Clinicians are highly regarded by the public and have a lot of credibility when speaking on health matters that affect their community. Interested clinicians can speak at city council meetings, public hearings, or in community gatherings to support tobacco control policies that can effectively reduce youth access to e-cigarettes. Community organizations, professional societies like the American Academy of Pediatrics, and the California Department of Public Health’s Champion Provider Fellowship often offer public speaking and media training for healthcare professionals who are interested in becoming a champion or a spokesperson for these issues. The “Making Your Voice Heard: How to be an Effective Health Advocate” article is another useful guide that clinicians can use if they are interested in advocacy.
- Ask youth during clinical encounters about their use of e-cigarettes and other tobacco products.
Clinical encounters represent an untapped opportunity to intervene on youth nicotine addiction. Asking youth about e-cigarette use or use of other tobacco products is an appropriate practice and can serve as an important avenue for either prevention or early intervention, including educating adolescents about the dangers of vaping or providing resources (e.g., 1-800-NO-BUTTS Quitline, LAQuits.com, nicotine replacement therapy) to help them quit if they are already smoking or using these products.

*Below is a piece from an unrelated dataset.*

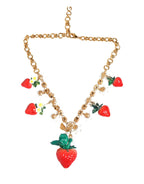Dolce & Gabbana Gold Brass FRUIT Pendants Flowers Crystal Logo Necklace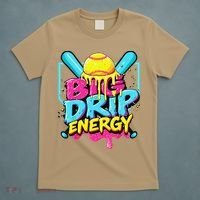 Softball Big Drip Energy Ice Cream Dripping Softball T-Shirt thumb 5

- Learn about and offer cessation treatment options for youth with nicotine addiction in the clinic setting.
Although not often a routine part of clinical practice (particularly for pediatricians), clinicians should learn to treat nicotine addiction among youth to complement referrals to the quitline. Because the dose of nicotine from e-cigarettes can be higher than conventional cigarettes and can also vary significantly depending on frequency of use, nicotine replacement and other cessation interventions are crucial to provide or offer to addicted youth. Primary care clinicians can play an essential role in assessing for nicotine dependency and in offering nicotine replacement therapy – the only FDA-approved pharmacologic treatment for people under 18 years of age. E-cigarettes are currently not recognized by the FDA as tobacco cessation aids. Referrals to clinicians with more specialized training in addiction and/or cessation treatment for certain youth subgroups may be necessary, especially for those with more complex addiction profiles, e.g., youth with substance use disorders or mental health conditions.
The medical community, alongside Public Health, has an obligation to protect this county’s youth from falling prey to unwanted nicotine addiction and to the sequelae that often comes with this preventable condition. Clinicians are credible and important ambassadors of community health. This call to action to help address the dangers of increased e-cigarette use among youth is both timely and critical to the local public health response to this epidemic.
*The California Tobacco Tax for Healthcare, Research, and Prevention Act of 2016 (also known as Proposition 56) is a ballot measure that increased the tax of cigarettes or their equivalent (including e-cigarettes) to $2.00 per pack. The California ballot measure was passed during general election in November 2016. The proposition specifies that the revenue is to be used to expand existing tobacco control and prevention programs, health care services, and research to improve prevention, early detection, and treatment of tobacco-related disease.